EXERCISE PROMPT — Set down exactly the lines in the records below that run from the line with "Thumbnail: 2023 Hyundai Sonata - 12" to the line with "Touwnhouse à louer", inclusive, and nothing more.
···
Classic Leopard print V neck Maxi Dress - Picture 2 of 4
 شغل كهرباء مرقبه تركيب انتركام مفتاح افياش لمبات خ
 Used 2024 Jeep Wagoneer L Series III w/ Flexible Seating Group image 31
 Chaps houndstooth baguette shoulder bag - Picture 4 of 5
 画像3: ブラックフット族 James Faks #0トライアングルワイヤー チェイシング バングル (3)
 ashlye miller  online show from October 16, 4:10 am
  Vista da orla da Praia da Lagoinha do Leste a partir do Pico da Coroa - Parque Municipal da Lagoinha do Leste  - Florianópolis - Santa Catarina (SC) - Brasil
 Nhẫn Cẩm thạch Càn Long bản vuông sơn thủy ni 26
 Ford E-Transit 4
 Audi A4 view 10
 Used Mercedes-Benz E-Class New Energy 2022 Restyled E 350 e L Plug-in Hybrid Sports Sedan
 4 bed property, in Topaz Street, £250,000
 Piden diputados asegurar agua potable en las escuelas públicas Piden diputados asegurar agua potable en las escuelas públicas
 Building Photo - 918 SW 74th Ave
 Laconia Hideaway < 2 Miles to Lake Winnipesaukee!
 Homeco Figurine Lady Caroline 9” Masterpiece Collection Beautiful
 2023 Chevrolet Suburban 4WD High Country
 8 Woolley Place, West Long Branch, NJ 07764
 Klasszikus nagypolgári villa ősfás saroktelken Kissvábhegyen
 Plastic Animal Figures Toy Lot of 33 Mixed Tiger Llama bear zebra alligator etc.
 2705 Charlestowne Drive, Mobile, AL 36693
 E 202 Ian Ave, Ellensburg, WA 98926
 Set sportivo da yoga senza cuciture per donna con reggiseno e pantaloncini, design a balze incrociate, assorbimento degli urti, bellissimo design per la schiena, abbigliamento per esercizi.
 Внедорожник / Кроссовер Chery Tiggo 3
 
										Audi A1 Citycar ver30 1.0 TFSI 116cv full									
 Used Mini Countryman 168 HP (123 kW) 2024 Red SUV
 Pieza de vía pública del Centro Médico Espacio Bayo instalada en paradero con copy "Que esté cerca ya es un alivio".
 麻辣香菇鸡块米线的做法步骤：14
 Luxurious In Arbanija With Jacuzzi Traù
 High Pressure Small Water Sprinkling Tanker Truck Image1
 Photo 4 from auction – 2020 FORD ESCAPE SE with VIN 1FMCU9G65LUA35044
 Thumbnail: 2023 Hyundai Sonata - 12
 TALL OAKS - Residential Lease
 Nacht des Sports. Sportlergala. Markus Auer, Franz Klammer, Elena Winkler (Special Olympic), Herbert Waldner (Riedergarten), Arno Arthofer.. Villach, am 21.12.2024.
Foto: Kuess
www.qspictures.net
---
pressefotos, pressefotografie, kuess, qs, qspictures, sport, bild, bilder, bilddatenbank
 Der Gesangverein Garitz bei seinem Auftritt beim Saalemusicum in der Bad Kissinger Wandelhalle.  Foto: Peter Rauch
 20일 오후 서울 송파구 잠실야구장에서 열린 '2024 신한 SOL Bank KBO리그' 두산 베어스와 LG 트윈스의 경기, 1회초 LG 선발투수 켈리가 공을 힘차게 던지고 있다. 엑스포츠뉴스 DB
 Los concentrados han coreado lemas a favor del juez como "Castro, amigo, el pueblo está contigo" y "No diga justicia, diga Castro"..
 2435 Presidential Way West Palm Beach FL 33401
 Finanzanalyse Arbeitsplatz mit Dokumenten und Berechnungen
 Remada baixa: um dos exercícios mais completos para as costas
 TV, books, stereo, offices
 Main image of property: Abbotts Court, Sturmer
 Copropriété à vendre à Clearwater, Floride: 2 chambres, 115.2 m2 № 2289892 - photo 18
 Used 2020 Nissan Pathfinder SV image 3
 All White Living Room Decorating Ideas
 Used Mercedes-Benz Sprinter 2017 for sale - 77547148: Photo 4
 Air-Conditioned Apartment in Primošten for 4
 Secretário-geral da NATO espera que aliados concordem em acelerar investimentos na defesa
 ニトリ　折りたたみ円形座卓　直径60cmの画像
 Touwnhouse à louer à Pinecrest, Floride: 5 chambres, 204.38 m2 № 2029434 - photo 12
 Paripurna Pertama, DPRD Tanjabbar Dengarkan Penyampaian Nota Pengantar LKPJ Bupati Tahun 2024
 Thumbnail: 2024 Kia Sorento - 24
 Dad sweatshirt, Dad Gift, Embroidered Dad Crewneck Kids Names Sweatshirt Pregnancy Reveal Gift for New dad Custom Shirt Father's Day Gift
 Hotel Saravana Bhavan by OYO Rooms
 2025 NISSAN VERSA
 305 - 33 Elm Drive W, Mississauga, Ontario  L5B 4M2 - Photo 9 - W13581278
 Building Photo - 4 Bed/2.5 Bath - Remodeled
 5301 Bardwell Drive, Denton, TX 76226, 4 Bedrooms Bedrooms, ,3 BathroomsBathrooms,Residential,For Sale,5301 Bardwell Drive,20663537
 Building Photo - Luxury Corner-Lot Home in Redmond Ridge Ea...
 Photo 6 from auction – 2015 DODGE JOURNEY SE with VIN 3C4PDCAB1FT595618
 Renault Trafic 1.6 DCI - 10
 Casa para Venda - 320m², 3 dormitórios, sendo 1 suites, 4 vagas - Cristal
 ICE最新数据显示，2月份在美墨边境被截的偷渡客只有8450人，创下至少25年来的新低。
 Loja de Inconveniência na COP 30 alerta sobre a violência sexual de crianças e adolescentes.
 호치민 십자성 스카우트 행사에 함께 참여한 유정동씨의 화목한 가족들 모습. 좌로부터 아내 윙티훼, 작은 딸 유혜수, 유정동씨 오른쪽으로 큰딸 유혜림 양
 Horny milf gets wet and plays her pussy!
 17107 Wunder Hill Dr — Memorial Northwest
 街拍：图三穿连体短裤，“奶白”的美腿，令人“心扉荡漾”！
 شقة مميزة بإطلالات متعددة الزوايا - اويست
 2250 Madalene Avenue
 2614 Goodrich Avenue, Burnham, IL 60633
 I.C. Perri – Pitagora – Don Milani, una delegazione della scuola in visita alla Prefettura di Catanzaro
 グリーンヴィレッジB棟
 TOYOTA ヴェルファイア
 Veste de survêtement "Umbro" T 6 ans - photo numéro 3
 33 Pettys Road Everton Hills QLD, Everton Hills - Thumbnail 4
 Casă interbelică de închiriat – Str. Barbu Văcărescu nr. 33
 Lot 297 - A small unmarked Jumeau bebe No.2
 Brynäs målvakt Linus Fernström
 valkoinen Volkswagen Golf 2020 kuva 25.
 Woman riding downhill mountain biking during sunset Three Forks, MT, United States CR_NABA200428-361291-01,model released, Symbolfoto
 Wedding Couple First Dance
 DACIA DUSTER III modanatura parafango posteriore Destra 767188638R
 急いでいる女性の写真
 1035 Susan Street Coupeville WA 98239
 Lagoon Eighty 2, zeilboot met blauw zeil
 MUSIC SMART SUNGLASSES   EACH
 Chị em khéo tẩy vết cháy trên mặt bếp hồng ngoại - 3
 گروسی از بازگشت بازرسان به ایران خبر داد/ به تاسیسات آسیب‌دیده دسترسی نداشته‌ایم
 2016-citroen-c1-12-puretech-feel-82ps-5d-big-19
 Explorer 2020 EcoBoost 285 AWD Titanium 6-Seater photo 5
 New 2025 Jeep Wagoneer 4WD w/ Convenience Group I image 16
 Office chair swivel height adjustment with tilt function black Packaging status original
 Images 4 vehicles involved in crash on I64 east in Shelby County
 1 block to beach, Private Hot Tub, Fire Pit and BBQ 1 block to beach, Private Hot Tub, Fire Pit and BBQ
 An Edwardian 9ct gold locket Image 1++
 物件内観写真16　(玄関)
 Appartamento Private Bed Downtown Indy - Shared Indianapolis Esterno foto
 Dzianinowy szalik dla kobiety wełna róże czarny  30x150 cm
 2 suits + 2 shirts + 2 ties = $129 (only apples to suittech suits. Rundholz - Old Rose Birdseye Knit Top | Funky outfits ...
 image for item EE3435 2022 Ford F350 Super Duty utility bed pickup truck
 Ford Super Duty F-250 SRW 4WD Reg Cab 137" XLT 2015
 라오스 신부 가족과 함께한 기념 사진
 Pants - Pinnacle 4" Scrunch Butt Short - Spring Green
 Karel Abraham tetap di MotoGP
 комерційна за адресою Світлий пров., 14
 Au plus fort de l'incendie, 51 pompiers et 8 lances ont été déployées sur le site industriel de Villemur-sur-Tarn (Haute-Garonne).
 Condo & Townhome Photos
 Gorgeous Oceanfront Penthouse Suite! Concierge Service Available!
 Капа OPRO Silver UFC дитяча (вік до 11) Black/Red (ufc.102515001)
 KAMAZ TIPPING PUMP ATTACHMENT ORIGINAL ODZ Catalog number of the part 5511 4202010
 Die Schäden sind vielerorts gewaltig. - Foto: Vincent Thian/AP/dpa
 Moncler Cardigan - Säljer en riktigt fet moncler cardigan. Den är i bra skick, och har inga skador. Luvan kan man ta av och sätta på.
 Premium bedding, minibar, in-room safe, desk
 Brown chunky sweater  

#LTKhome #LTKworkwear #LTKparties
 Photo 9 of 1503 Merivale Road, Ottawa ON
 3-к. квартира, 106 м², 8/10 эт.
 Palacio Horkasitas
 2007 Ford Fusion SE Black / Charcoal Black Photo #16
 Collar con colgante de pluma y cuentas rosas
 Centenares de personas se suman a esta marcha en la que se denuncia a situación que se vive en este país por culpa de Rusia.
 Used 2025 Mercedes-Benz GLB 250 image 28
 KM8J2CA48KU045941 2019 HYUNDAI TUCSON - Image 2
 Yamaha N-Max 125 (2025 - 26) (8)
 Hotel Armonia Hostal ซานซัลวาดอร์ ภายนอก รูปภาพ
···
ANSWER SPACE —
 Thumbnail: 2023 Hyundai Sonata - 12
 TALL OAKS - Residential Lease
 Nacht des Sports. Sportlergala. Markus Auer, Franz Klammer, Elena Winkler (Special Olympic), Herbert Waldner (Riedergarten), Arno Arthofer.. Villach, am 21.12.2024.
Foto: Kuess
www.qspictures.net
---
pressefotos, pressefotografie, kuess, qs, qspictures, sport, bild, bilder, bilddatenbank
 Der Gesangverein Garitz bei seinem Auftritt beim Saalemusicum in der Bad Kissinger Wandelhalle.  Foto: Peter Rauch
 20일 오후 서울 송파구 잠실야구장에서 열린 '2024 신한 SOL Bank KBO리그' 두산 베어스와 LG 트윈스의 경기, 1회초 LG 선발투수 켈리가 공을 힘차게 던지고 있다. 엑스포츠뉴스 DB
 Los concentrados han coreado lemas a favor del juez como "Castro, amigo, el pueblo está contigo" y "No diga justicia, diga Castro"..
 2435 Presidential Way West Palm Beach FL 33401
 Finanzanalyse Arbeitsplatz mit Dokumenten und Berechnungen
 Remada baixa: um dos exercícios mais completos para as costas
 TV, books, stereo, offices
 Main image of property: Abbotts Court, Sturmer
 Copropriété à vendre à Clearwater, Floride: 2 chambres, 115.2 m2 № 2289892 - photo 18
 Used 2020 Nissan Pathfinder SV image 3
 All White Living Room Decorating Ideas
 Used Mercedes-Benz Sprinter 2017 for sale - 77547148: Photo 4
 Air-Conditioned Apartment in Primošten for 4
 Secretário-geral da NATO espera que aliados concordem em acelerar investimentos na defesa
 ニトリ　折りたたみ円形座卓　直径60cmの画像
 Touwnhouse à louer à Pinecrest, Floride: 5 chambres, 204.38 m2 № 2029434 - photo 12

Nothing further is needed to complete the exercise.